A goal for 2013: Work toward the common good. Care…love…

Last year as we approached New Year‘s Eve, a friend challenged us to determine what percentage of resolutions we’d managed to meet. I had a hard time with that one since I was pretty sure I hadn’t made any.

Here’s the thing: Why set oneself up for failure? Too many people focus their resolutions on thing like weight loss and we know how that usually ends up.

So instead last year, I decided to play along by listing three goals IF I were one to make resolutions. One was to track my running mileage, which I did successfully through April 15 — about 350 miles (some of that was walking.) After April 15…the journal pages are blank. Since I’m pretty regular in my mileage, I probably hit around 1,000 this year.
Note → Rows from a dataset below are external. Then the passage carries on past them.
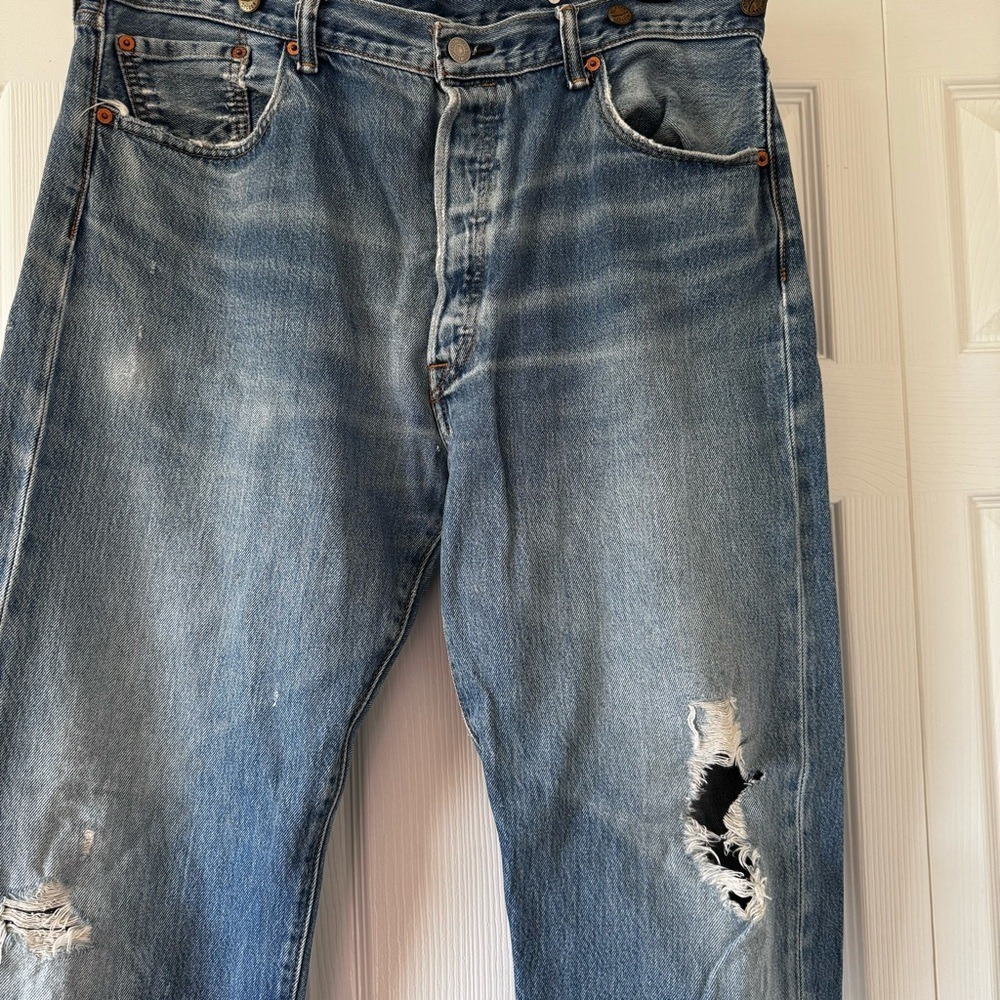 Levi's 501 Mens Button Fly Distressed Jeans Blue W40 L34 Bucksaw Logger Buttons - Picture 8 of 8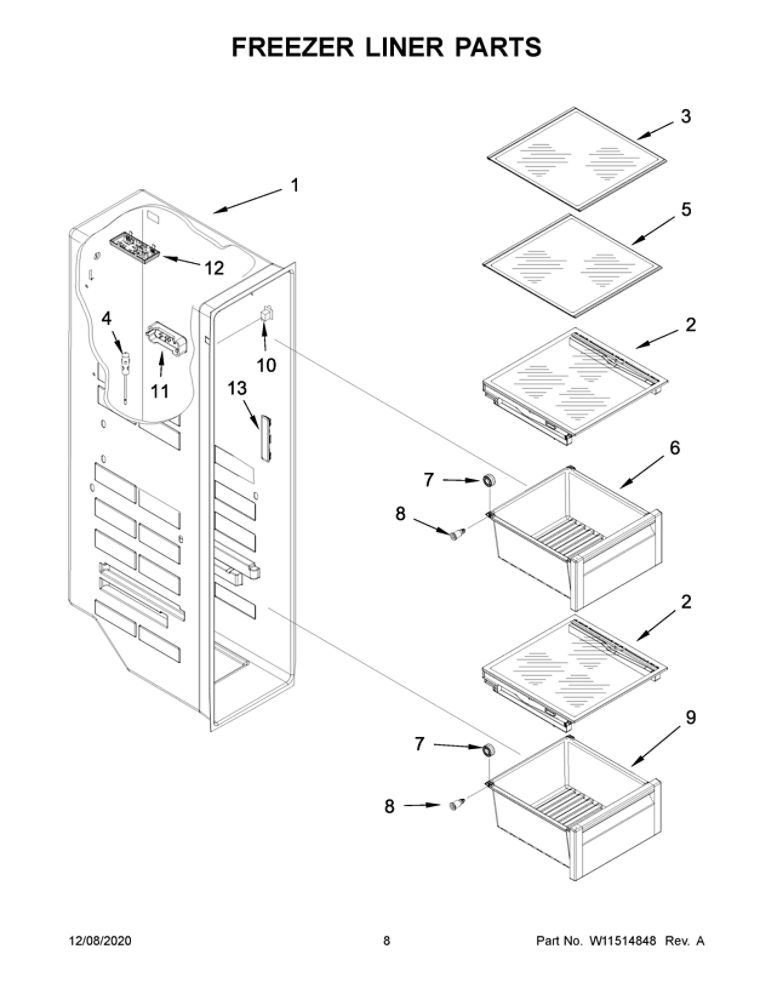 Freezer Liner Parts Diagram and Parts List for WRS970CIHZ01  Whirlpool Refrigerator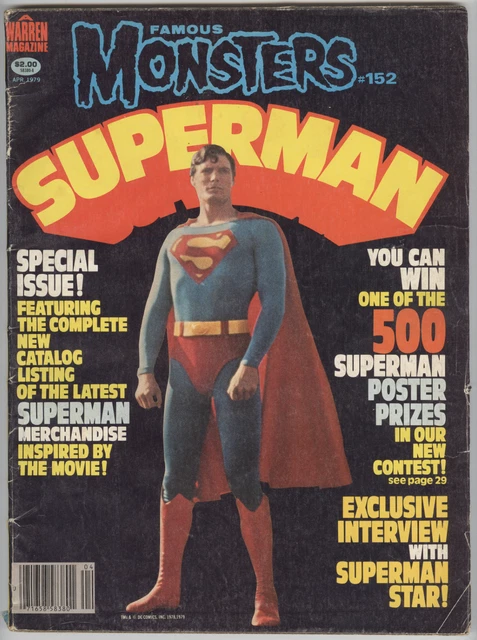 Famous Monsters #152 Superman 1979年 1979 APRIL, FAMOUS Monsters Magazine #152, Superman Special Issue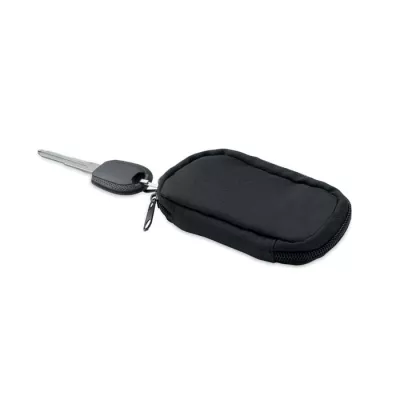 Etui na klucze z RPET zapinane na zamek ROVER - Czarny (MO2822-03)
The second goal was to eat more dark chocolate. That I did. Oh so successfully. I don’t want to know how much money I spent on Endangered Species 88% cocoa dark chocolate. Just ask the staff at The Food Store in Bluffton, where I stock up on these:panther_pouch__05433_std

 

 

Each pouch contains 10 individually wrapped squares — a good way to control how much you eat.

The third goal was to write real letters. Sadly, this didn’t happen although I did a better job at sending cards.

So…for the record…I was 33.3333333333 percent successful at tracking mileage; 100 percent on eating more chocolate, and a flop at writing letters.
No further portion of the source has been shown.